In [61]:
"""Tokenisation in Spacy"""

'Tokenisation in Spacy'

In [3]:
import spacy

In [4]:
"""loading the model """

nlp = spacy.load("en_core_web_sm")

In [5]:
doc = nlp(u'Tesla is looking at buying U.S startup for $6 million')

In [7]:
for token in doc:
    print(token)

Tesla
is
looking
at
buying
U.S
startup
for
$
6
million


In [8]:
for token in doc:
    print(token.text, token.pos_, token.dep_)
    #dep_ stands for syntatic dependency.

Tesla PROPN nsubj
is VERB aux
looking VERB ROOT
at ADP prep
buying VERB pcomp
U.S PROPN compound
startup NOUN dobj
for ADP prep
$ SYM quantmod
6 NUM compound
million NUM pobj


In [9]:
nlp.pipeline

[('tagger', <spacy.pipeline.pipes.Tagger at 0x1121250b8>),
 ('parser', <spacy.pipeline.pipes.DependencyParser at 0x1227f83a8>),
 ('ner', <spacy.pipeline.pipes.EntityRecognizer at 0x1227f8408>)]

In [None]:
"""Here 'ner' stands for named entity recognition"""
"""parsing in NLP is the process of determining the syntactic structure 
of a text"""

In [12]:
nlp.pipe_names

['tagger', 'parser', 'ner']

In [17]:
doc2=  nlp(u"tesla isn't    looking into startups anymore.")

In [18]:
for token in doc2:
    print(token.text, token.pos_, token.dep_)

tesla NOUN nsubj
is VERB ROOT
n't ADV neg
    SPACE 
looking VERB attr
into ADP prep
startups NOUN pobj
anymore ADV advmod
. PUNCT punct


In [None]:
"""Here we can see that even spaces are considered as token and spacy
knows that isn't is a combination os two words is(verb, root) and 
not(ADv, neg) """

In [23]:
doc[0].pos_

'PROPN'

In [21]:
spacy.explain('PROPN')

'proper noun'

In [26]:
doc[0].dep_, doc[0].lemma_, doc[0].tag_, doc[0].is_alpha, doc[0].is_stop

('nsubj', 'Tesla', 'NNP', True, False)

In [27]:
doc3 = nlp(u'Although commmonly attributed to John Lennon from his song "Beautiful Boy", \
the phrase "Life is what happens to us while we are making other plans" was written by \
cartoonist Allen Saunders and published in Reader\'s Digest in 1957, when Lennon was 17.')

In [28]:
life_quote = doc3[16:30]

In [29]:
print(life_quote)

"Life is what happens to us while we are making other plans"


In [37]:
type(life_quote)

spacy.tokens.span.Span

In [33]:
type(doc3)

spacy.tokens.doc.Doc

In [38]:
doc4 = nlp(u"This is the first sentence. This is the second sentence. This is the last sentence. ")

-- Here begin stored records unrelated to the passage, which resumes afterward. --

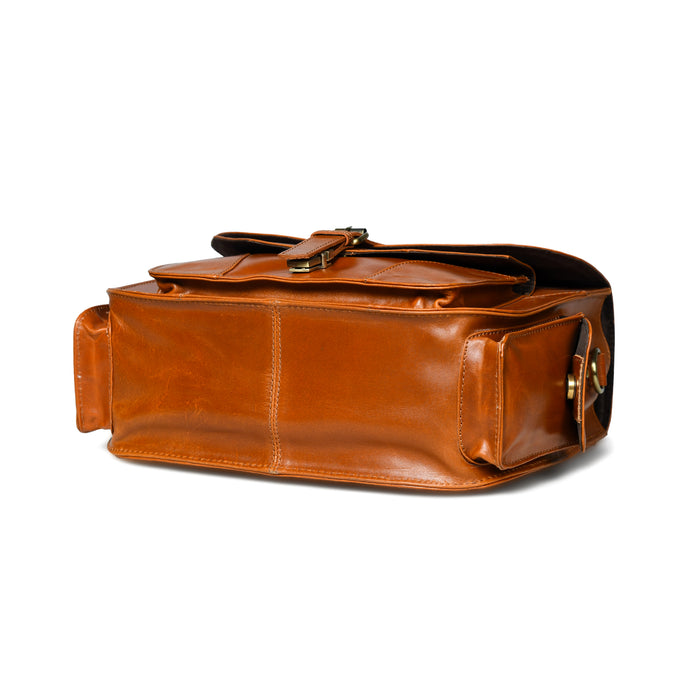 Don McCullin Camera Bag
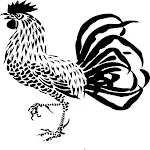 Rooster Crowing Sound | Indus Appstore | App Icon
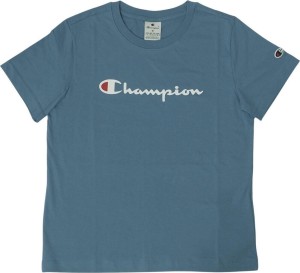 Koszulka treningowa damska Champion SS Tee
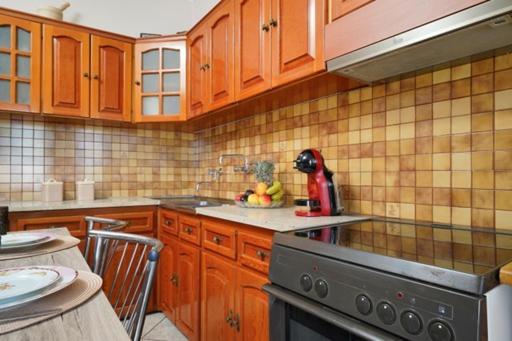 Apartmán Sunside House Skála Kallirákhis Exteriér fotografie
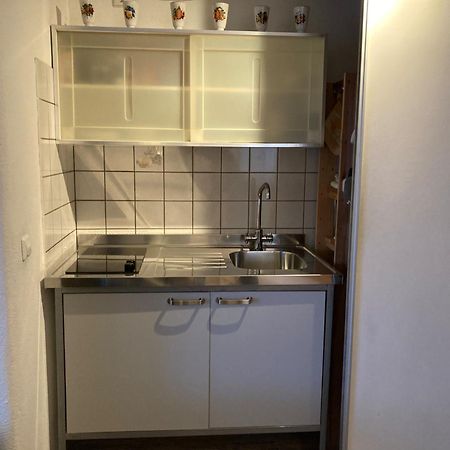 Ferienwohnung Riesterer Freiburg im Breisgau Ngoại thất bức ảnh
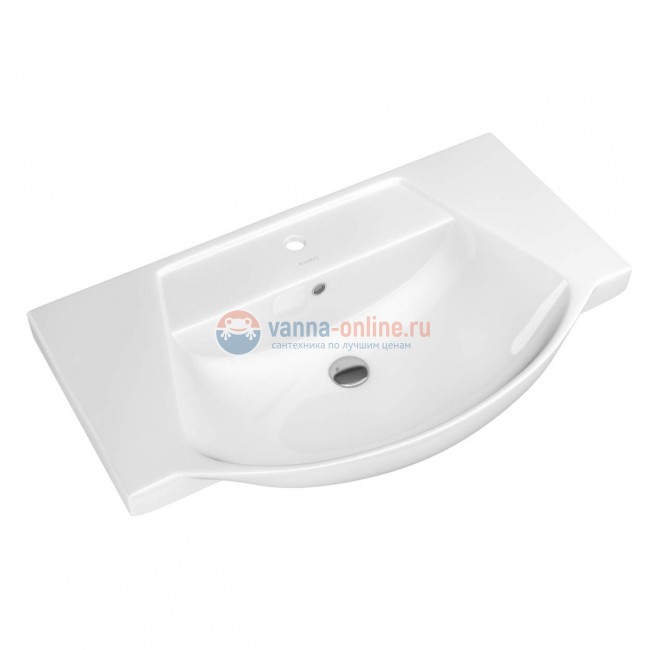 Раковина Kirovit Монро-75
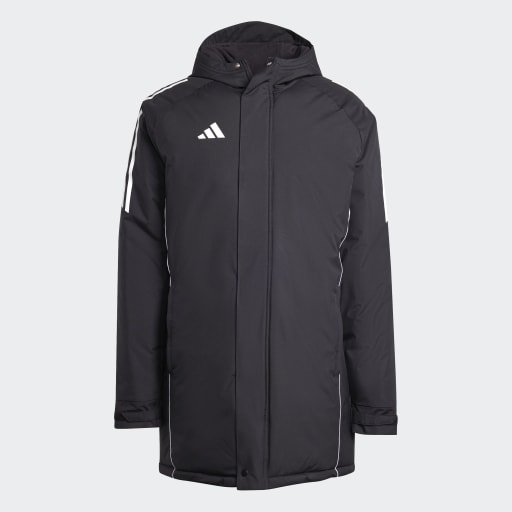 Parka Adidas Tiro 24 noire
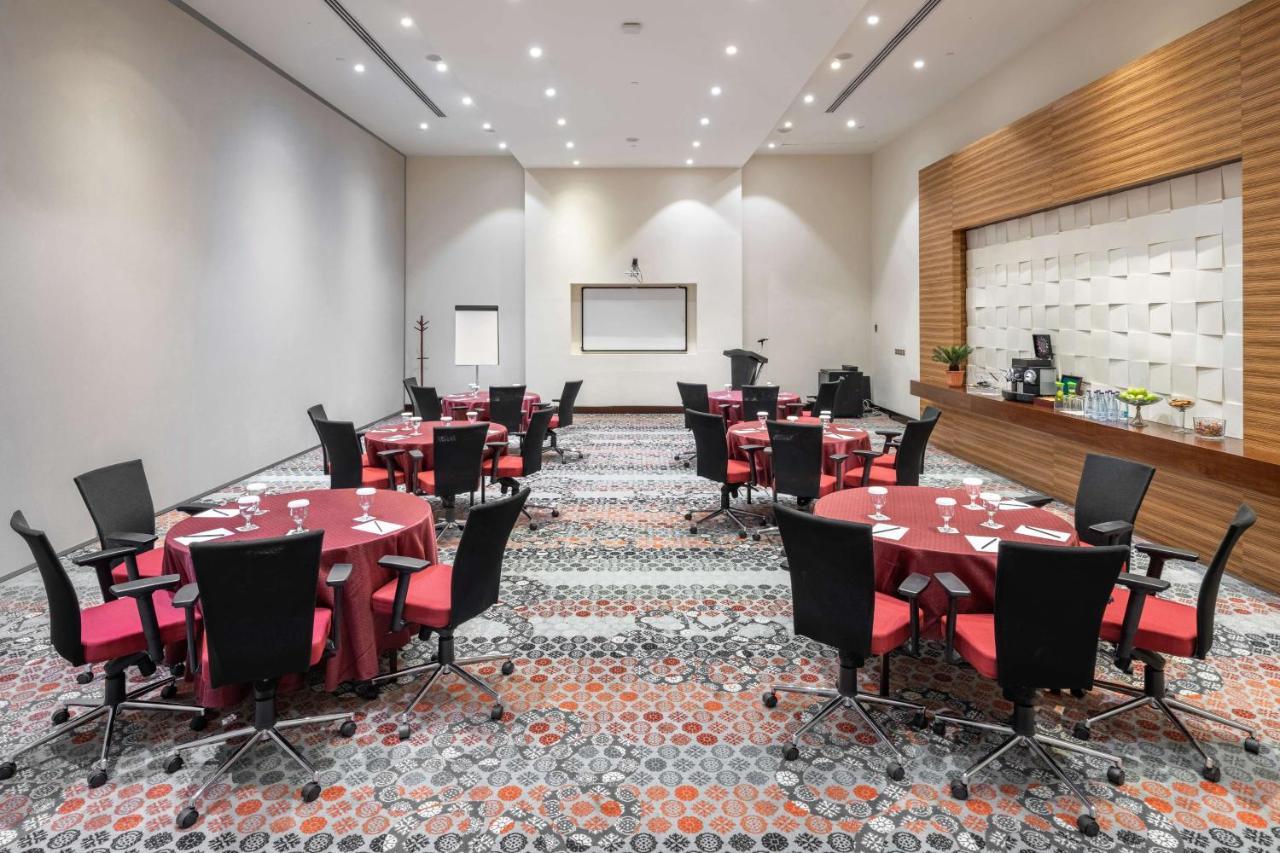 Radisson Blu Resort Jizan Exterior photo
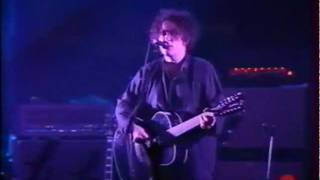 The Cure - 2000-02-08 Journal France 2 (midi)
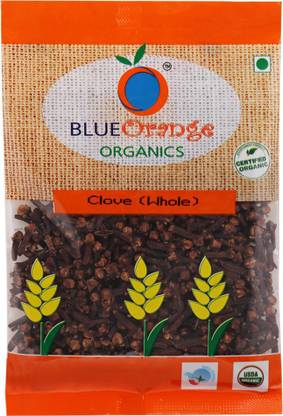 Blueorange CLOVES WHOLE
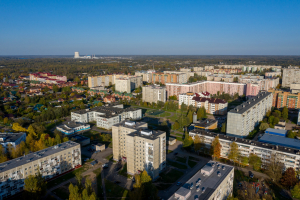 При участии атомщиков и плодотворном взаимодействии с жителями и властью на развитие Удомельского городского округа в 2021 году направят 357 млн рублей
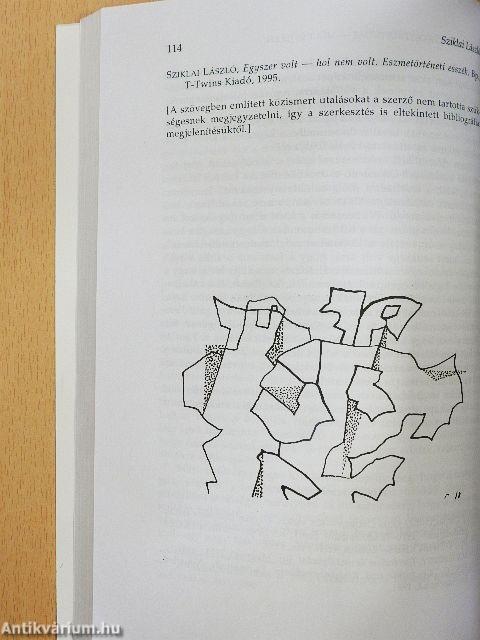 Állandóság a változásban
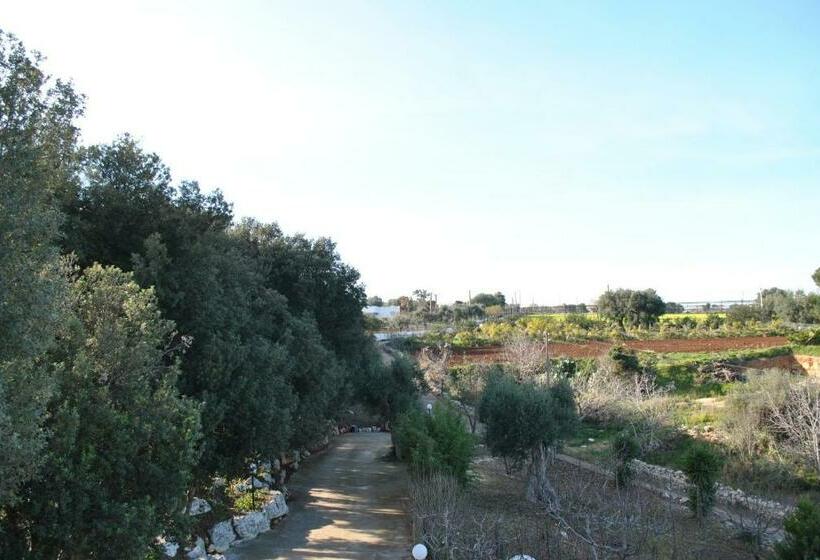اتاق استاندارد, Le Dimore Del Sarto Polignano A Mare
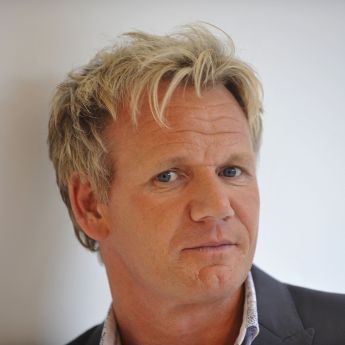 Gordon Ramsay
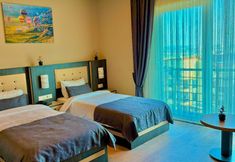 Others 2 PORT HOTEL GÖRÜKLE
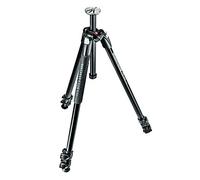 Manfrotto 290 Xtra - Trípode de 3 secciones, Aluminio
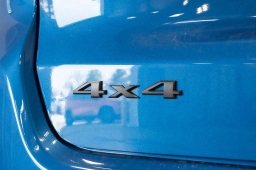 Jeep Compass Latitude Altitude 4x4 2026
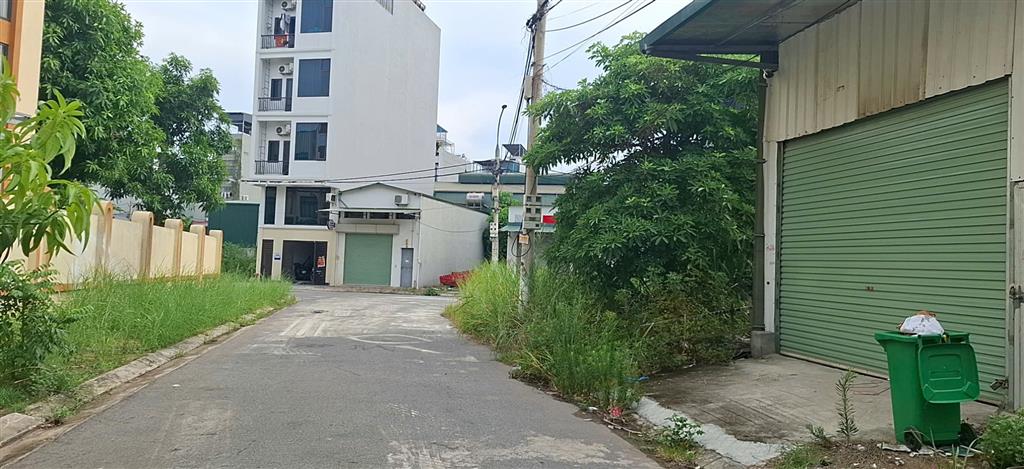 CHÍNH CHỦ CHO THUÊ KHO 80M²  CẠNH ĐẠI HỌC THÀNH ĐÔ -  KCN LAI XÁ, HÀ NỘI
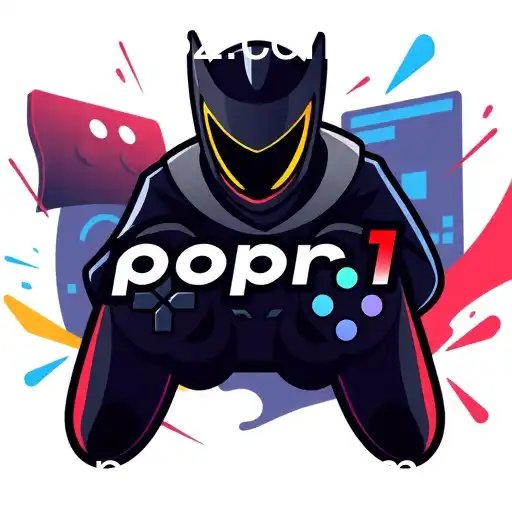 A Ascensão do 'popn1' nos Jogos Online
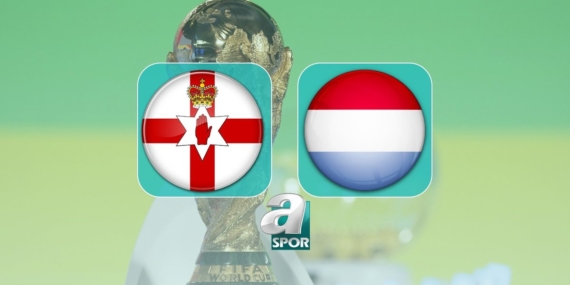 Kuzey İrlanda-Lüksemburg maçı izle: Ne zaman ve hangi kanalda?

for sentence in doc4.sents:
    print(sentence)

This is the first sentence.
This is the second sentence.
This is the last sentence.


In [39]:
doc4[6].is_sent_start

True

In [42]:
doc4[7].is_sent_start 
# it's gonna return None

In [43]:
"""Tokenisation"""

'Tokenisation'

In [44]:
mystring = '" we\'re moving to L.A.!"'

In [46]:
print(mystring)

" we're moving to L.A.!"


In [50]:
doc5 = nlp(mystring)

In [51]:
for token in doc5:
    print(token)

"
we
're
moving
to
L.A.
!
"


In [52]:
doc6 = nlp(u"We're here to help! Send snail-mail, email support@oursite.com or visit us at http://www.oursite.com!")


In [53]:
for token in doc6:
    print(token)

We
're
here
to
help
!
Send
snail
-
mail
,
email
support@oursite.com
or
visit
us
at
http://www.oursite.com
!


In [54]:
doc7 = nlp("A 5km NYC cab ride costs $10.30")

In [56]:
for t in doc7:
    print(t)

A
5
km
NYC
cab
ride
costs
$
10.30


In [58]:
len(doc7)

9

In [62]:
"""named entity recogniton"""

'named entity recogniton'

In [68]:
doc8= nlp(u"Apple to build a Hong Kong factory for $6 million")

In [69]:
for token in doc8:
    print(token.text, end= " | ")

Apple | to | build | a | Hong | Kong | factory | for | $ | 6 | million | 

In [77]:
for entity in doc8.ents:
    print(entity)
    print(entity.label_)
    print(entity.label_ + " : " +str(spacy.explain(entity.label_)))
    print("\n")

Apple
ORG
ORG : Companies, agencies, institutions, etc.


Hong Kong
GPE
GPE : Countries, cities, states


$6 million
MONEY
MONEY : Monetary values, including unit




In [86]:
doc9 = nlp(u"My name is Pulkit Agrawal")


In [87]:
for chunk in doc9.noun_chunks:
    print(chunk)

My name
Pulkit Agrawal


In [89]:
for chunk in doc9.ents:
    print(chunk)
    print(chunk.label_)

Pulkit Agrawal
PERSON


In [90]:
"""Tokenisation visualised"""

'Tokenisation visualised'

In [91]:
from spacy import displacy

In [92]:
doc = nlp(u"Apple is going to build a U.K. factory got $6 million")


In [94]:
displacy.render(doc, style= "dep", jupyter = True, options = {'distance':110})

In [95]:
doc = nlp(u"Over the last quarter Apple sold nearly 20 thousand iPods for a profit of $6 million.")

In [97]:
displacy.render(doc, style= "ent", jupyter = True)

In [100]:
doc = nlp(u'this is a sentence')
displacy.serve(doc, style="dep")

  "__main__", mod_spec)



Using the 'dep' visualizer
Serving on http://0.0.0.0:5000 ...

Shutting down server on port 5000.